■ **Your objective**:
Exactly the lines from the one with "С Brando iPhone" through the end of the records below are needed, minus any pictures.

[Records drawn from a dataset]
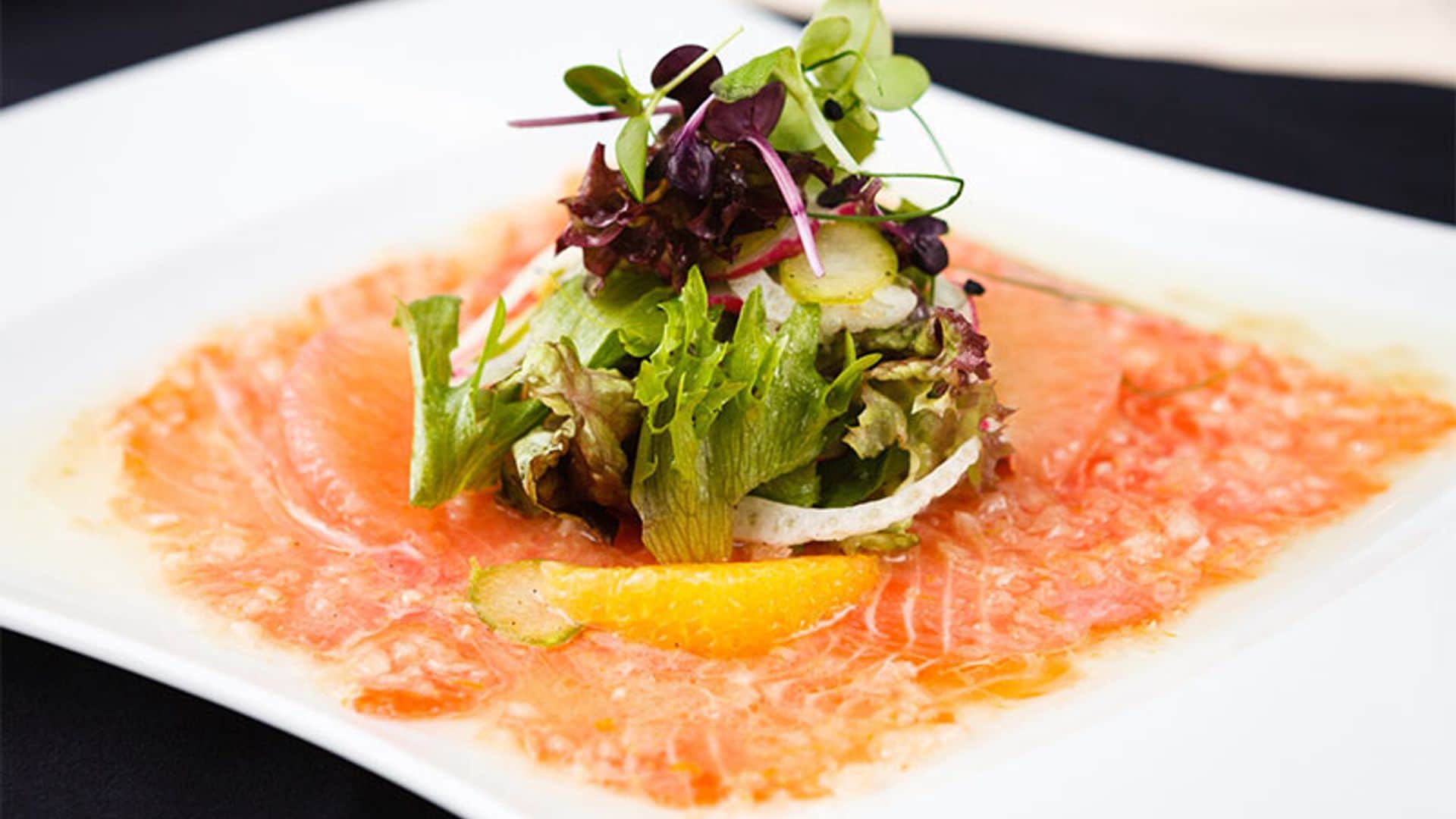 Ensalada con cítricos y 'carpaccio' de trucha ahumada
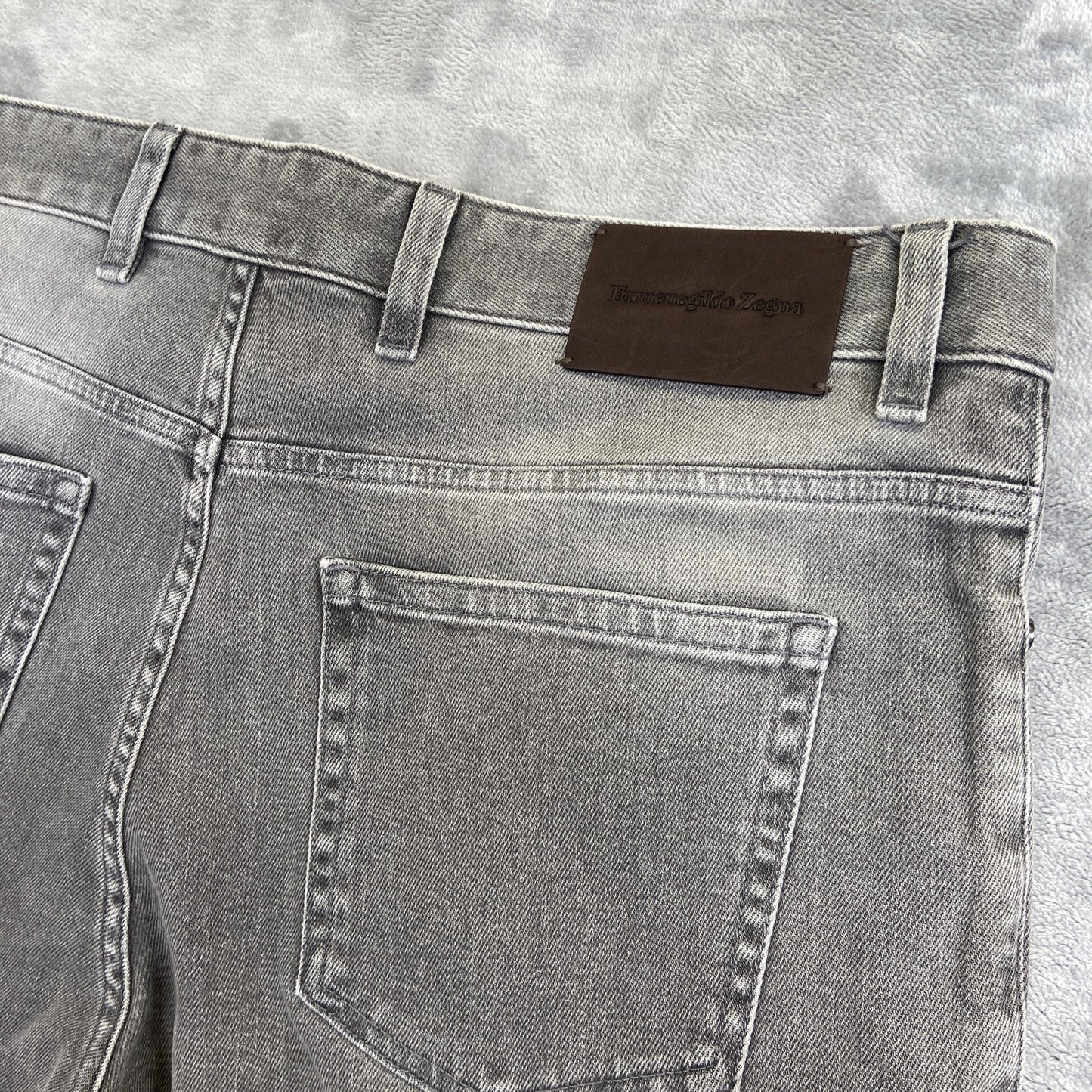 Ermenegildo Zegna Straight Jeans Men's Size 38 Gray Denim Pants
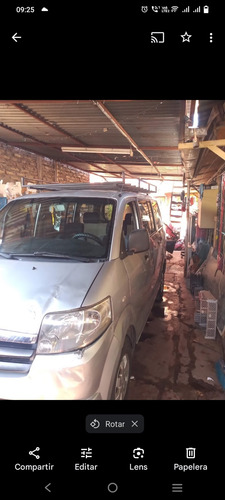 Suzuki APV Minvan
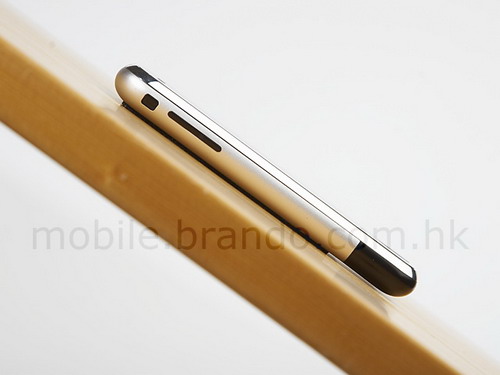 С Brando iPhone Super Grip телефон не выскользнет из рук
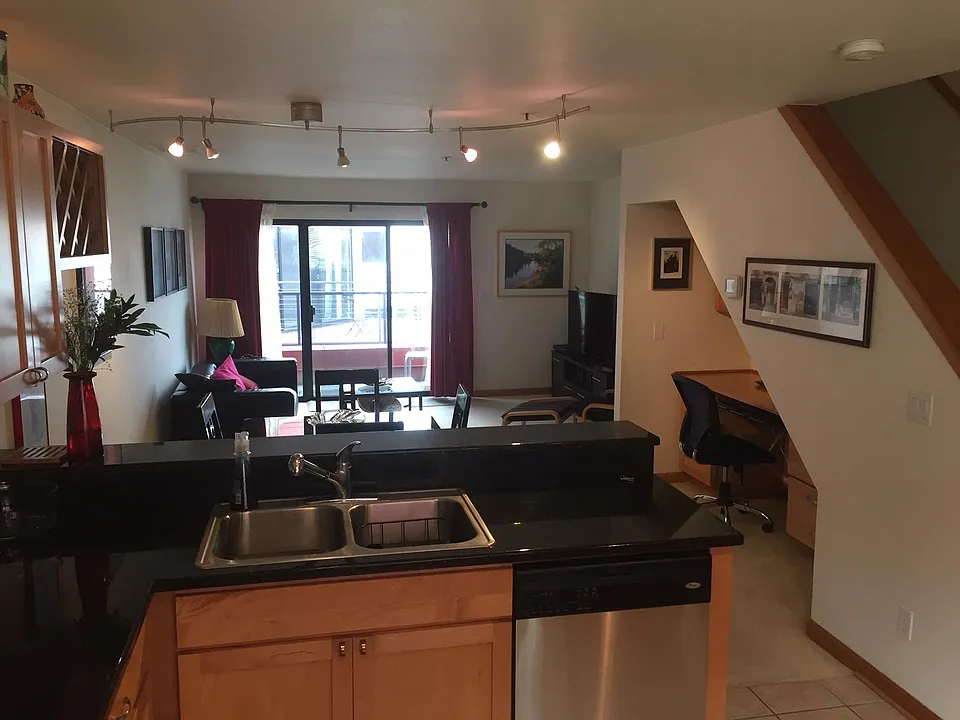 720 NW Naito Pkwy #D6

■ **Task result**:
 С Brando iPhone Super Grip телефон не выскользнет из рук
 720 NW Naito Pkwy #D6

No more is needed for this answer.